Amarillo, rosa y rojo

En las tres grandes vueltas, el amarillo, el rosa o el rojo se conceden al primero de la clasificación general al finalizar cada etapa. Un préstamo efímero e ingrato. Hay que devolverlo cuando se pierde el liderato para volver a enfundarse el jersey con los colores del equipo. Hasta la próxima, maillot, si es que hay próxima. De rey a vasallo en un día. Tal vez dos, tres o cuatro, pero generalmente no muchos más.

El maillot arcoíris

El arcoíris del Mundial, no. Es un generoso crédito a largo plazo. El vencedor del Campeonato Mundial de Ciclismo en Ruta lucirá el maillot de las cinco barras (azul, rojo, negro, amarillo y verde) en todas las competiciones en las que participe hasta la disputa del siguiente Mundial. Gozará del respeto unánime del pelotón, será foco de atención especial en las retransmisiones televisivas y los aficionados a pie de carretera lo van a vitorear como a pocos. Y como bonus extra tendrá el privilegio, de por vida, de lucir en cuello y puños los colores del arcoíris.

Tricampeones del Mundial

Todos quieren un Mundial. Una prueba en cuyo palmarés figuran cinco corredores con tres victorias cada uno. Lo hicieron en blanco y negro el italiano Alfredo Binda (1927, 1930, 1932) y el belga Rik Van Steenbergen (1949, 1956, 1957). Luego, el inevitable Eddy Merckx (1967, 1971, 1974) y el cántabro Óscar Freire (1999, 2001, 2004). Y, más recientemente, de una tirada, Peter Sagan (2015, 2016, 2017). Sagan (Žilina, Eslovaquia, 26 de enero de 1990) atesora, además, un Tour de Flandes, una París-Roubaix y decenas de victorias menores. También acumula 18 triunfos de etapa en las grandes vueltas (12 en el Tour, cuatro en la Vuelta y dos en el Giro). Excelente rodador y destacado velocista, es capaz de saldar con solvencia el más duro de los puertos, siempre, eso sí, en carreras de una sola etapa. No más. En las pruebas de tres semanas se conforma con ser un ciclista de una gran regularidad, como atestiguan sus siete maillots verdes en el Tour de Francia.

Peter Sagan, el talento

Sagan, para lo bueno y para lo otro, es un superdotado de los pedales, un talento en estado puro que no deja a nadie indiferente, que entiende el deporte de élite de una forma muy particular: «no me preocupan las victorias, el espectáculo es lo más importante». Capaz de subir por las durísimas rampas de Alp d’Huez a una rueda, para delirio de seguidores. O de firmar un autógrafo encima de la bicicleta subiendo el Tourmalet en plena canícula. Y de marcar las diferencias en lo temibles tramos de pavés que recorren el Tour y algunas de las clásicas de un día. Allí donde no se puede rodar a un ritmo rápido sostenido porque las vibraciones son extremas. Donde el alma retiembla. Donde las caídas son inevitables. Allí, mientras el resto de los mortales aprieta los dientes y tira de casta y orgullo para no poner pie a tierra, el eslovaco saca a relucir su exquisita técnica y el extraordinario dominio de su bicicleta para sortear con gracilidad pasmosa los traidores adoquines.

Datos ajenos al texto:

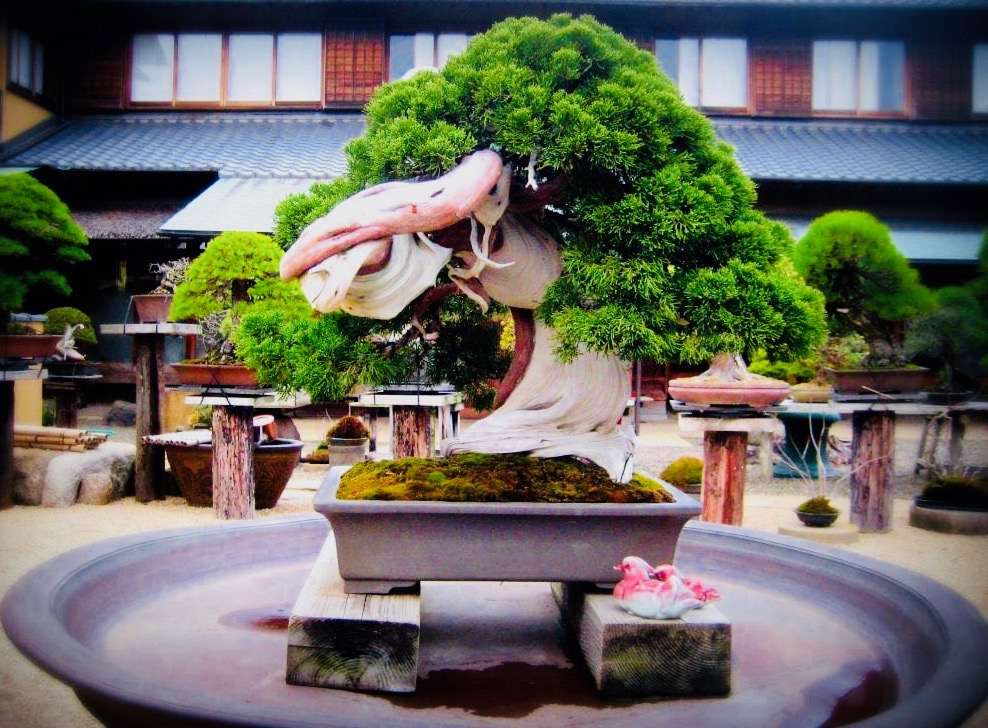 800-Year-Old-Bonsai-Tree-at-Shunkaen-1024x768 2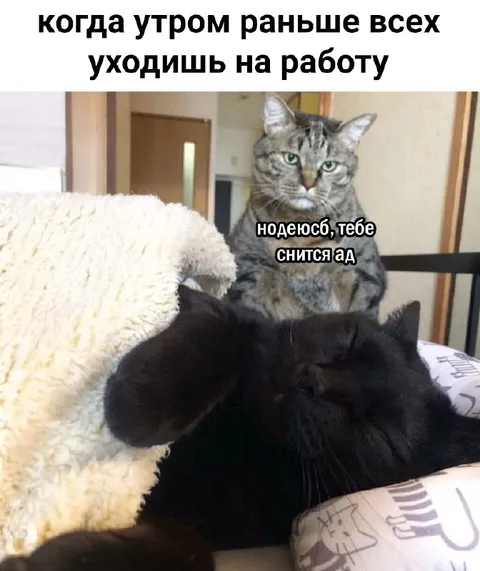 Кошка желает ад перед работой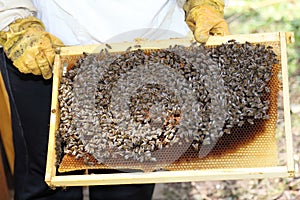 Bee keeper with honey cell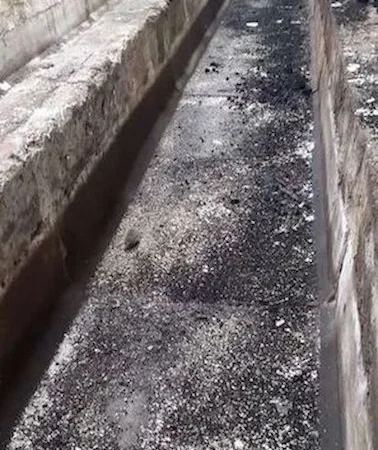 Здаю в оренду ферми, склади (8.тис.кв.м.) - фото № 2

Ahora, sus 31 años, aun en plena madurez deportiva, se alzan voces que vaticinan el ocaso de la carrera profesional del eslovaco. Que ha perdido chispa. Que le falta ambición. Que no podrá competir de tú a tú con la nueva hornada de jóvenes ciclistas que están alborotando el pelotón. Rezaremos para que se equivoquen. Por el bien del ciclismo, por el bien del deporte, por el bien del espectáculo.